▸ Data provided
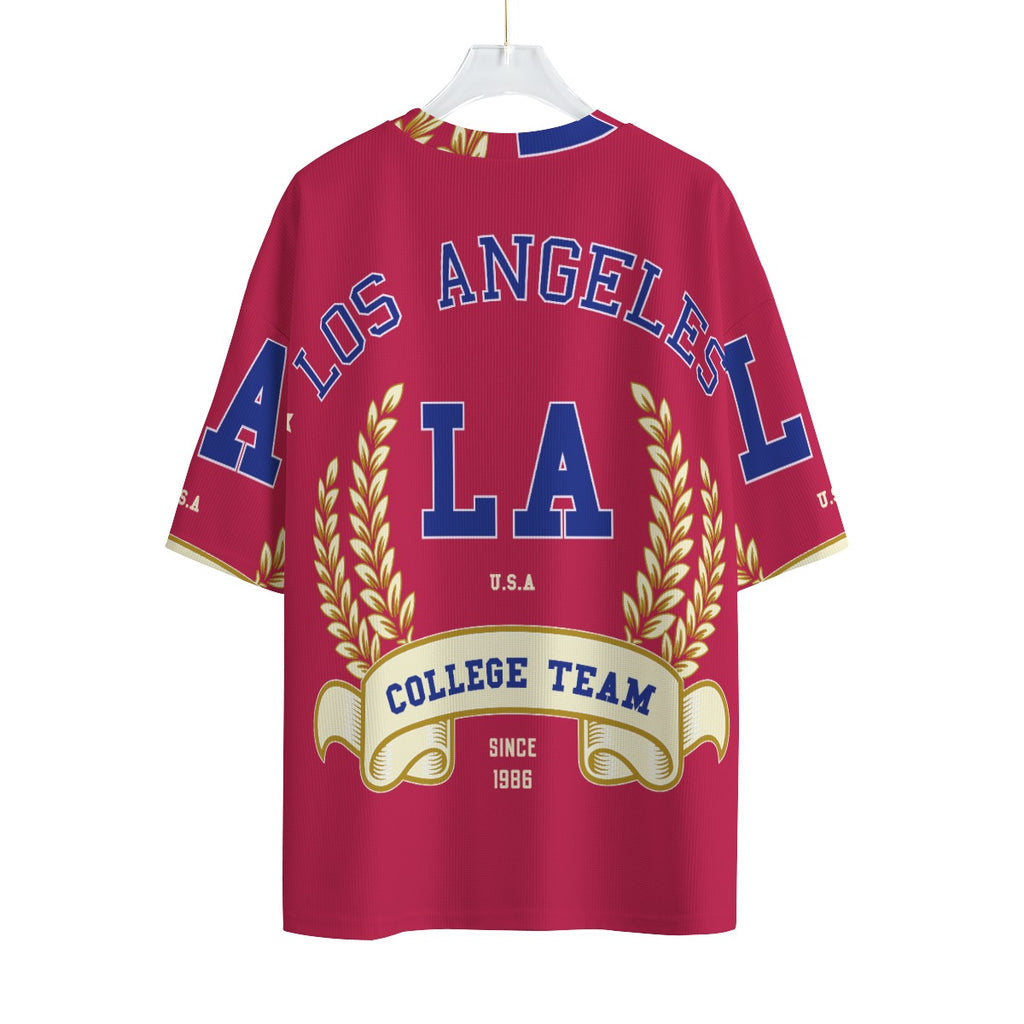 LA Bubblegum Static- Unisex Drop-shoulder T-shirt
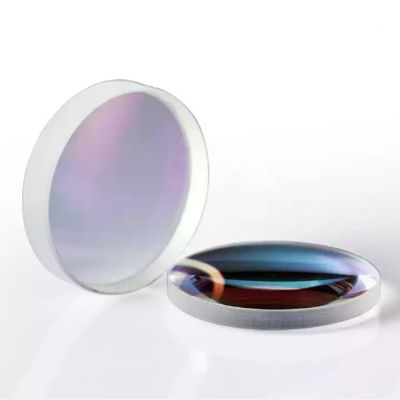 Lentille protectrice de silice fondue de lentille de laser du diamètre 25.4mm pour la tête de coupe de laser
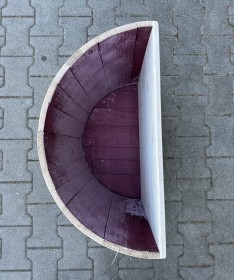 Halbierter Pflanzkübelabschnitt natur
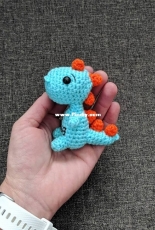 Amidorable Crochet - Jackie Laing - T-Rex - Free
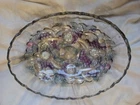 Vintage Indiana Glass Harvest Grape Carnival Glass Fruit Bowl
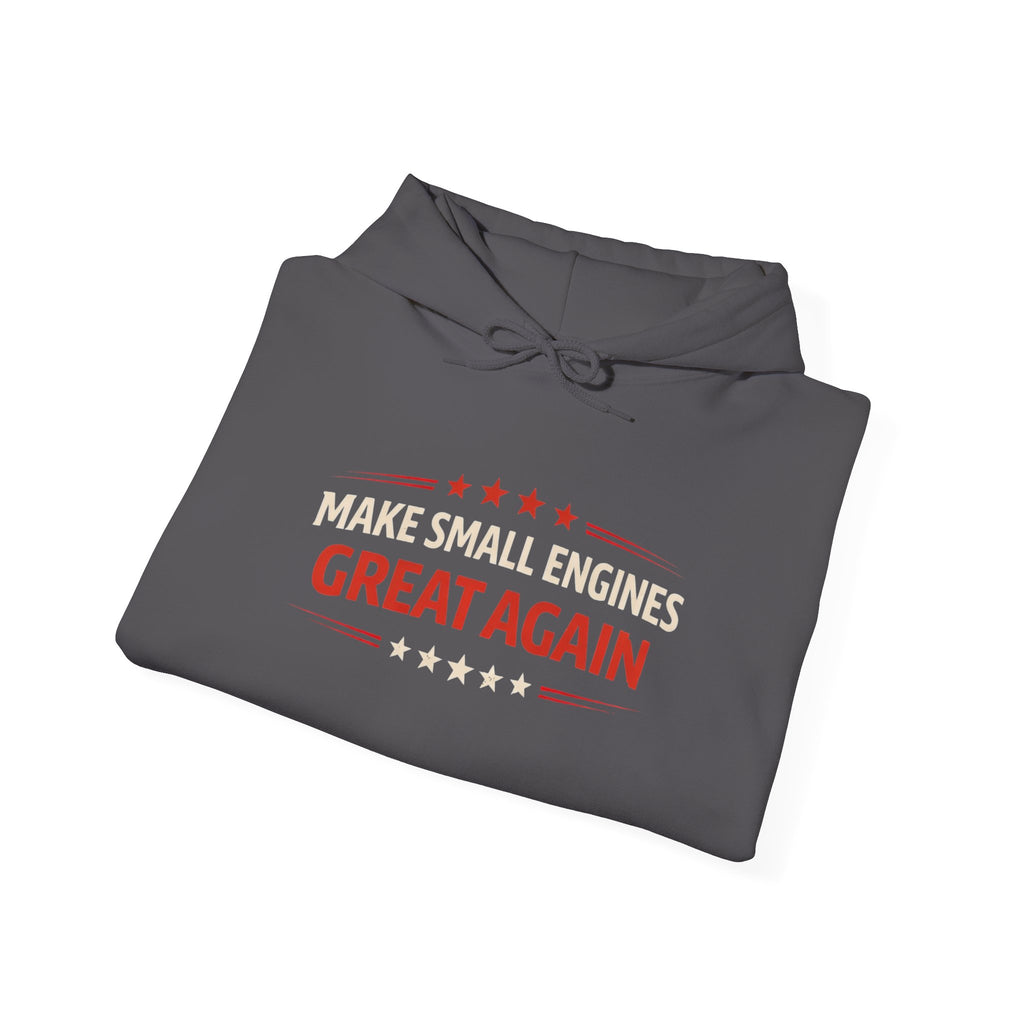 Make Small Engines Great Again Hoodie | Retro Stars Engine Repair Shirt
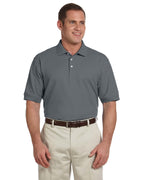 Mens Pima Piqu Short-Sleeve Polo - WHITE - XS(D0102H76U66)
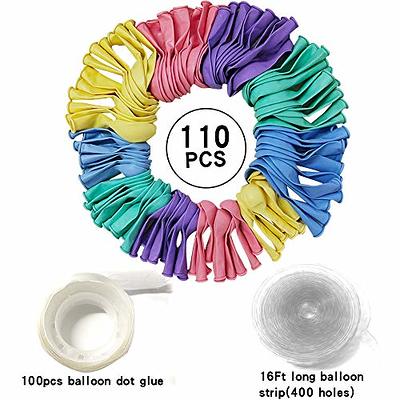 Tie Dye Birthday Decorations for Girls Macaron Color Balloon Garland Kit  with Tie Dye Happy Birthday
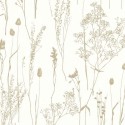 Papeldecor|Wallpaper floral white with branches Scandinavian style|Wallpaper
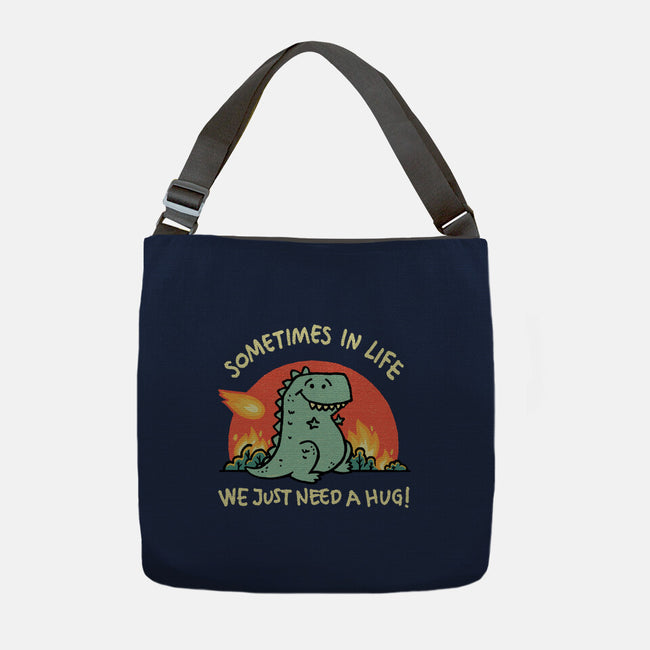 Sometime In Life-None-Adjustable Tote-Bag-Wenceslao A Romero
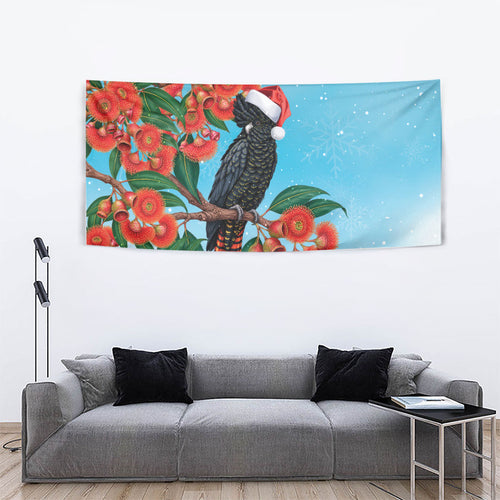 Australia Cockatoo Festive Christmas Tapestry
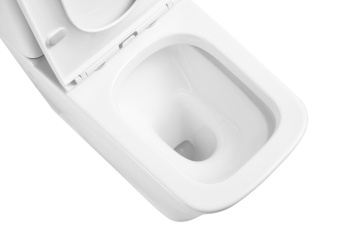 Унитаз компакт A2808 безободковый + сиденье тонкое ДП #WF_CITY_VIN# картинка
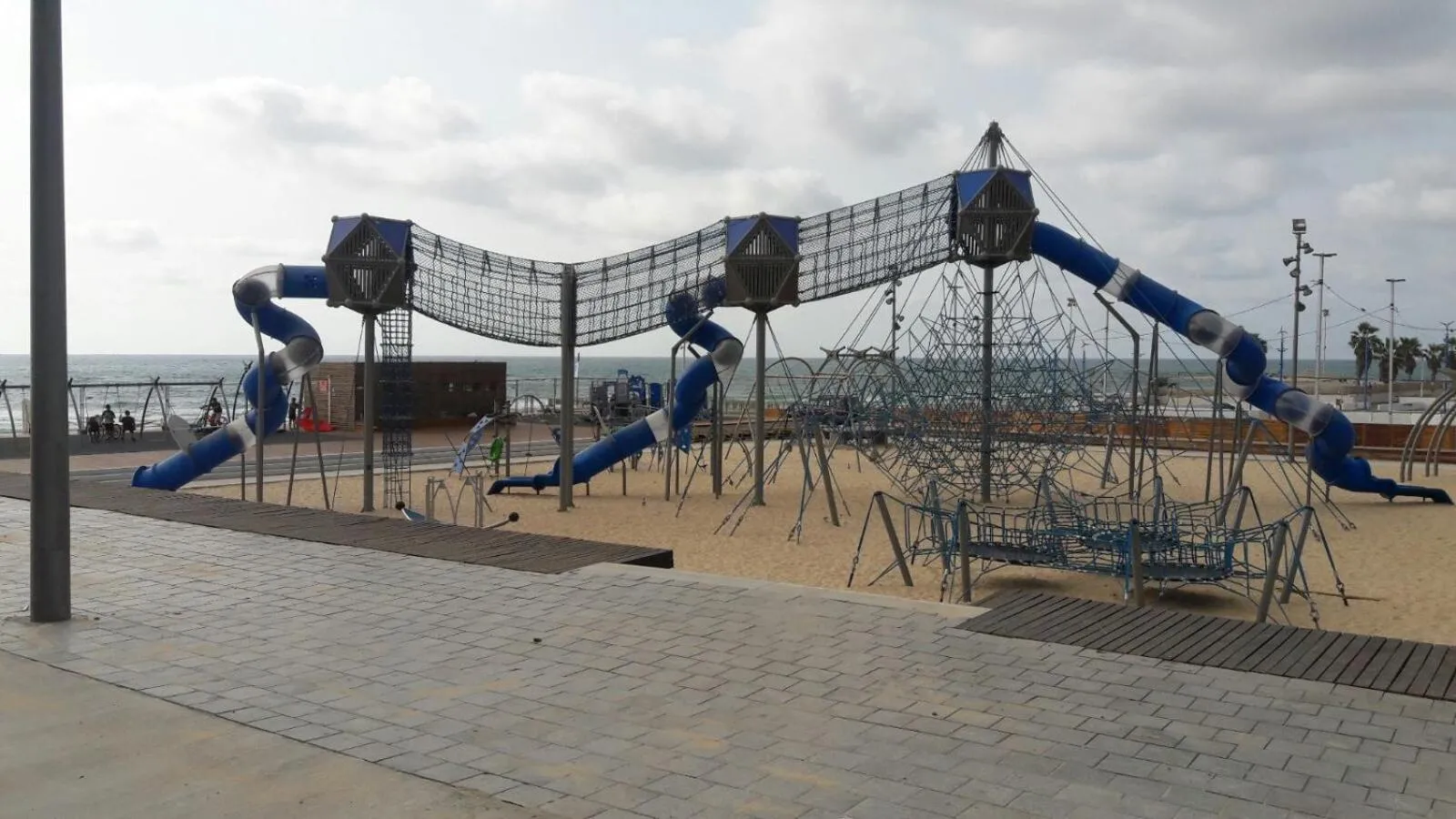 Children play ground in Apart Hotel TLV/Bat Yam Beach Front 1207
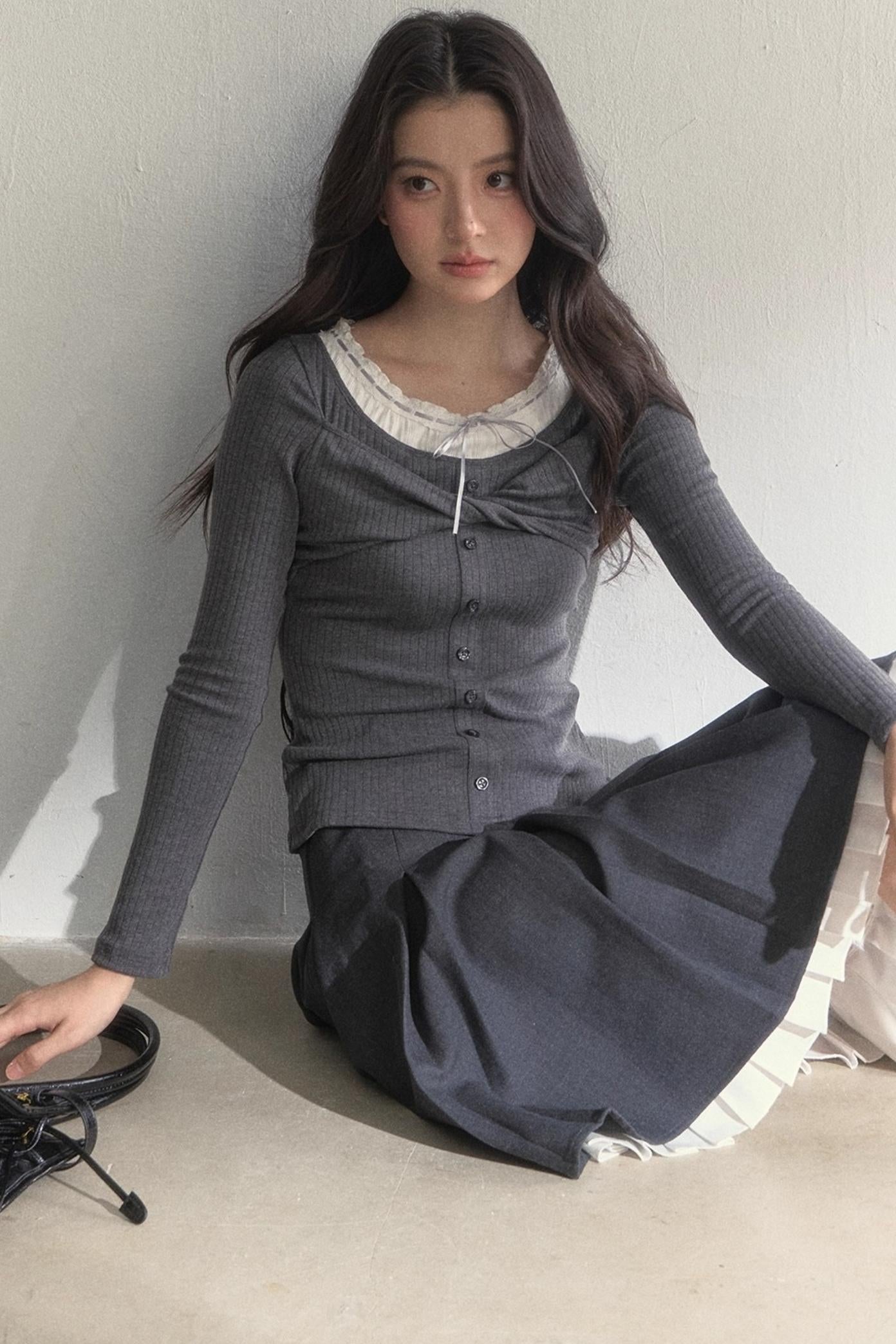 Bow Knot Knitted Top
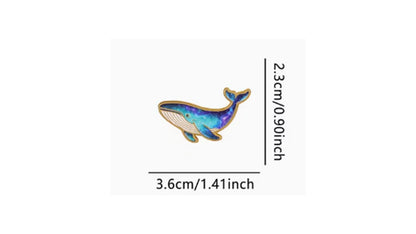 Celestial Whale Enamel Pin - Whimsical Galaxy Space Whale Lapel Pin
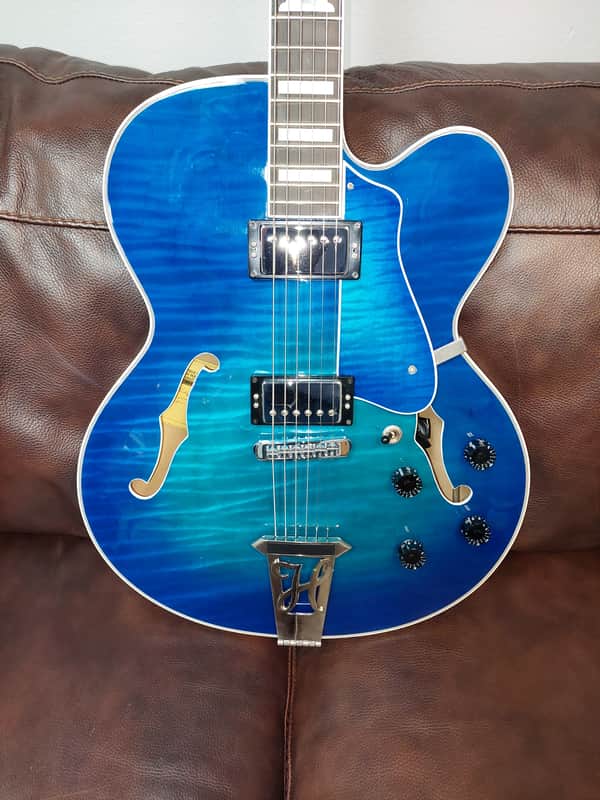 Heritage H-550 Custom 2003 -Rare  Neptune Blue image 1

▸ Problem description
Verbatim, write out the line containing "Celestial Whale Enamel" and all later lines through the end of the records, leaving every picture out.

▸ Problem solution
 Celestial Whale Enamel Pin - Whimsical Galaxy Space Whale Lapel Pin
 Heritage H-550 Custom 2003 -Rare  Neptune Blue image 1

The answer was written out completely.